Using the listing below, set down each line from the line containing "Postal Orgullo de Boston" through the line containing "Train Fever: USA (2015/RUS/ENG/MULTi15)", both ends included, exactly and with nothing added.

# EXERCISE INPUTS
****************
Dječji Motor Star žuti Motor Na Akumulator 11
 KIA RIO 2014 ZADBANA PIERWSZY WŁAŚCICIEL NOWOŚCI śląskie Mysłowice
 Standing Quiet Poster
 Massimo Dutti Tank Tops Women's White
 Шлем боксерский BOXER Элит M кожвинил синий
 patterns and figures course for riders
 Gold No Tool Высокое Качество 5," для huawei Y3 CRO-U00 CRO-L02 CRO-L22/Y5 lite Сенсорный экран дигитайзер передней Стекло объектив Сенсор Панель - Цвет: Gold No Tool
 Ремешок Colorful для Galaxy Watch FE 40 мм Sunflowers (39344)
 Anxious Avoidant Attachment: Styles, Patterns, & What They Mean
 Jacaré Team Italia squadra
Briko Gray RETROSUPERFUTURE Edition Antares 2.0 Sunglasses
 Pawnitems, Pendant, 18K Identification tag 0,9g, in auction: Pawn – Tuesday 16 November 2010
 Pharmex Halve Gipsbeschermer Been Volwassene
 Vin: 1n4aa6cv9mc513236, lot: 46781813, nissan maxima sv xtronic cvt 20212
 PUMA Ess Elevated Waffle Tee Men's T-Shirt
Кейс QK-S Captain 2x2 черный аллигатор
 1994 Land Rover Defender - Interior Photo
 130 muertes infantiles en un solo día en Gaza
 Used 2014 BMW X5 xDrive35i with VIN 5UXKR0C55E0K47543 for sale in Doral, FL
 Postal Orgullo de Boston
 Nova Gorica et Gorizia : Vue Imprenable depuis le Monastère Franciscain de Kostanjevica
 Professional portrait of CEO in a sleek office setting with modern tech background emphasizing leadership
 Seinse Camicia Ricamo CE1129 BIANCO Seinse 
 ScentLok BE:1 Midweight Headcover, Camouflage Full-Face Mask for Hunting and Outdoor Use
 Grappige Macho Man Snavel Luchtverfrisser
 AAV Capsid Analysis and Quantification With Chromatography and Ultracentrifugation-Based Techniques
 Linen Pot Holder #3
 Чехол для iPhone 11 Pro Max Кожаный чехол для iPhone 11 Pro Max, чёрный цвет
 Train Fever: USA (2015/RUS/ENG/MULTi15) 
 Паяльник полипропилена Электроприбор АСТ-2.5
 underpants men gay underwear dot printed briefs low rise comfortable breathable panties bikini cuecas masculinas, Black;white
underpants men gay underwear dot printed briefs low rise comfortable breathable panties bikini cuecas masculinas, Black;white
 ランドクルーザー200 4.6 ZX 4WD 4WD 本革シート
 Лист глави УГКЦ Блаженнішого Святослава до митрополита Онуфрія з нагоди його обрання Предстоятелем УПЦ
****************
# ANSWER
 Postal Orgullo de Boston
 Nova Gorica et Gorizia : Vue Imprenable depuis le Monastère Franciscain de Kostanjevica
 Professional portrait of CEO in a sleek office setting with modern tech background emphasizing leadership
 Seinse Camicia Ricamo CE1129 BIANCO Seinse 
 ScentLok BE:1 Midweight Headcover, Camouflage Full-Face Mask for Hunting and Outdoor Use
 Grappige Macho Man Snavel Luchtverfrisser
 AAV Capsid Analysis and Quantification With Chromatography and Ultracentrifugation-Based Techniques
 Linen Pot Holder #3
 Чехол для iPhone 11 Pro Max Кожаный чехол для iPhone 11 Pro Max, чёрный цвет
 Train Fever: USA (2015/RUS/ENG/MULTi15) 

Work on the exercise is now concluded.